● **TASK DETAILS**
Print, exactly as they stand, the lines below from the one that has "Schwarz Gebraucht 2006" to the one that has "2020 Kenworth W990 - image 3", inclusive, leaving out the pictures.

● **SUPPLIED MATERIAL**
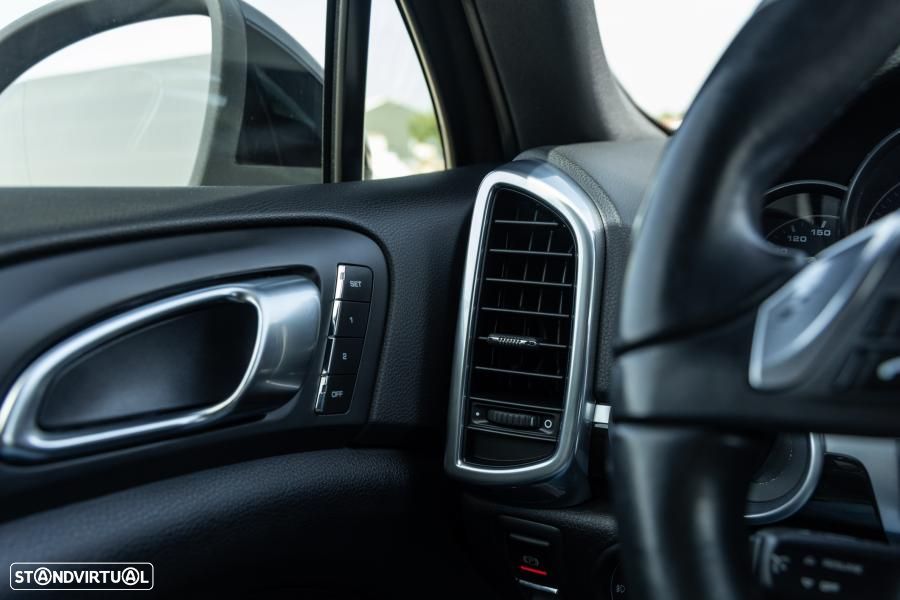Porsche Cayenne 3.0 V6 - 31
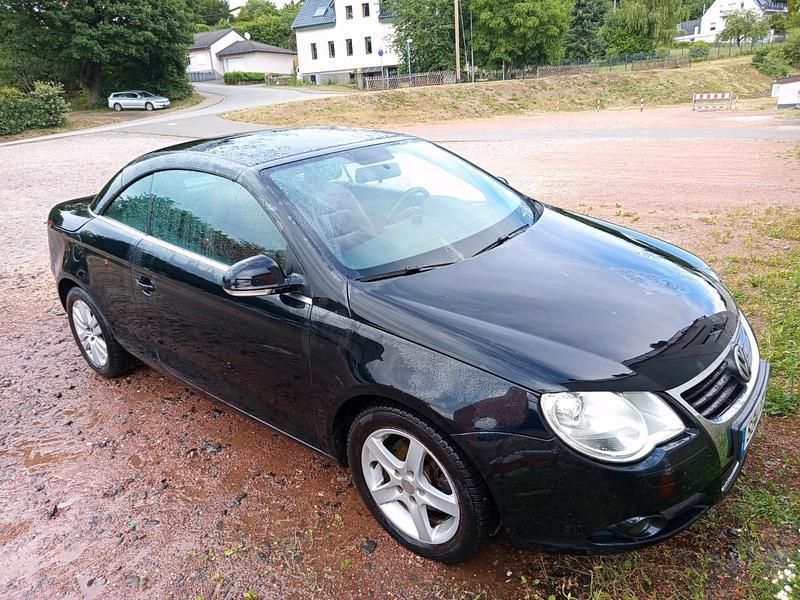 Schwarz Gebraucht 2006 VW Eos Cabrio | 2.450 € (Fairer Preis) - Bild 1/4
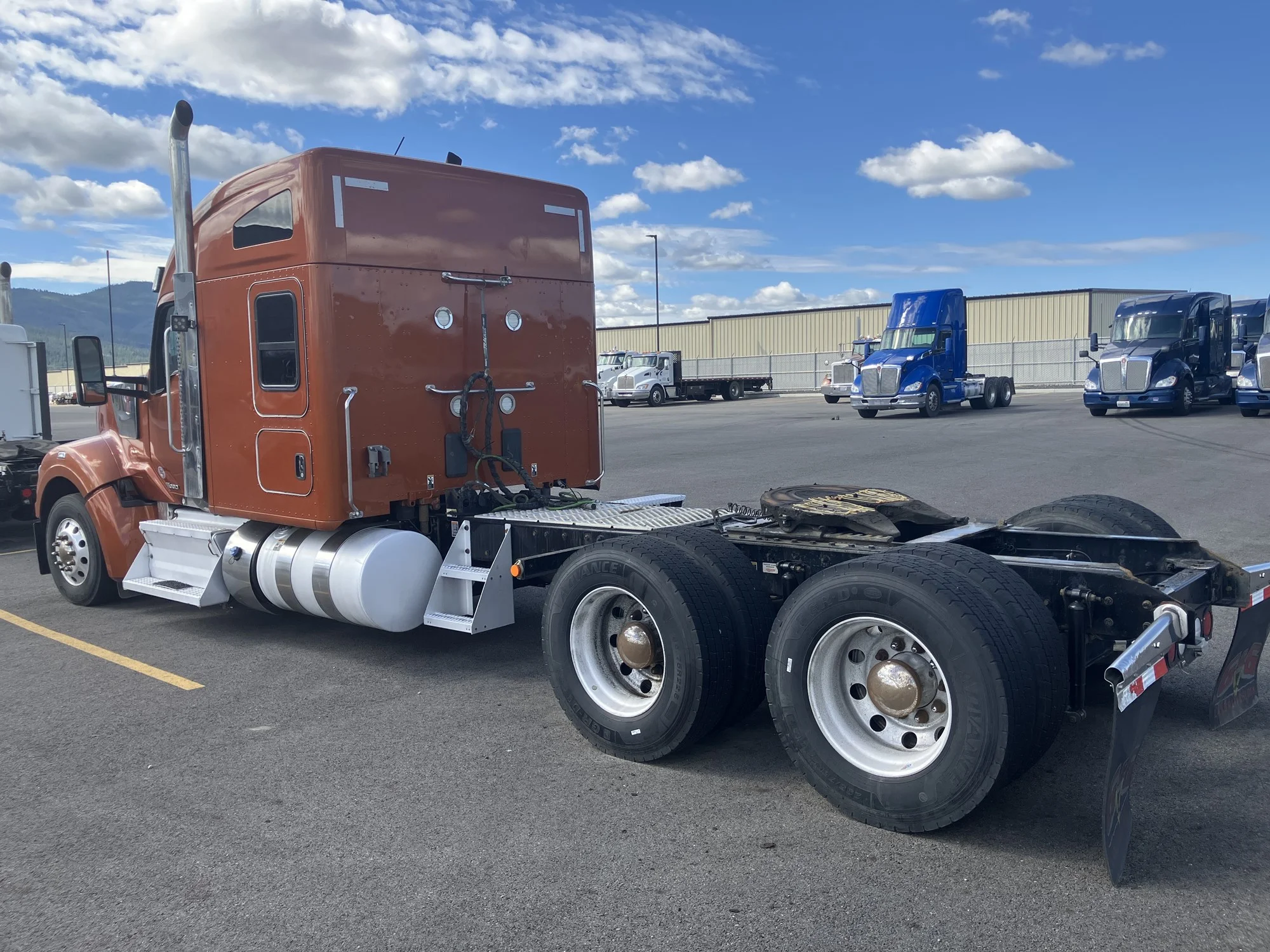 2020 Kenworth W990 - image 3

...

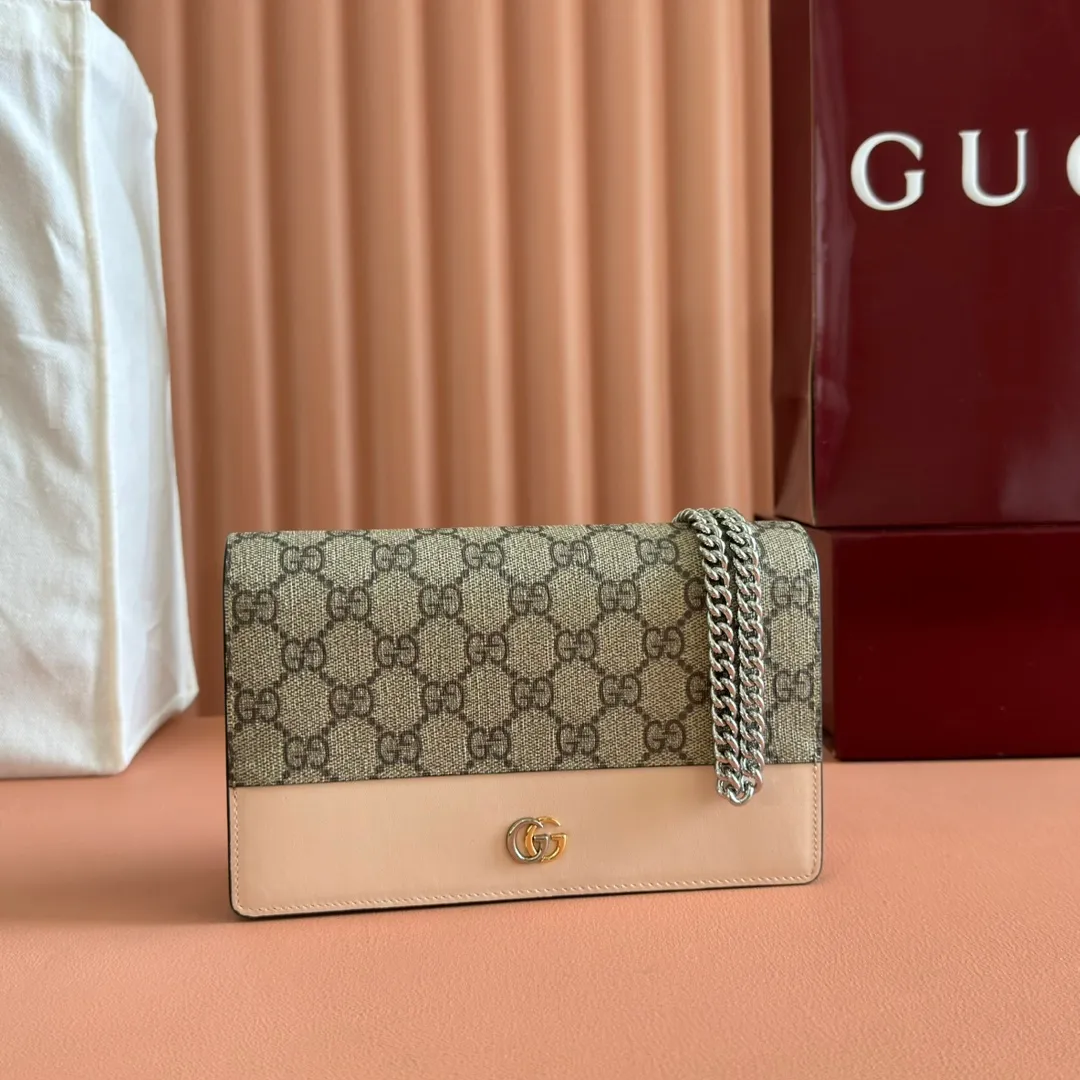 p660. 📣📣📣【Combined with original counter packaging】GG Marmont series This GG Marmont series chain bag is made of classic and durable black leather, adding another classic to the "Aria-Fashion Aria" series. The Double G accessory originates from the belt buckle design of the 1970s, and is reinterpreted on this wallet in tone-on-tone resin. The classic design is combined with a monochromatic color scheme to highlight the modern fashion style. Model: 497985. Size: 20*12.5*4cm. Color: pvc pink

● **RESPONSE TO THIS TASK**
 Schwarz Gebraucht 2006 VW Eos Cabrio | 2.450 € (Fairer Preis) - Bild 1/4
 2020 Kenworth W990 - image 3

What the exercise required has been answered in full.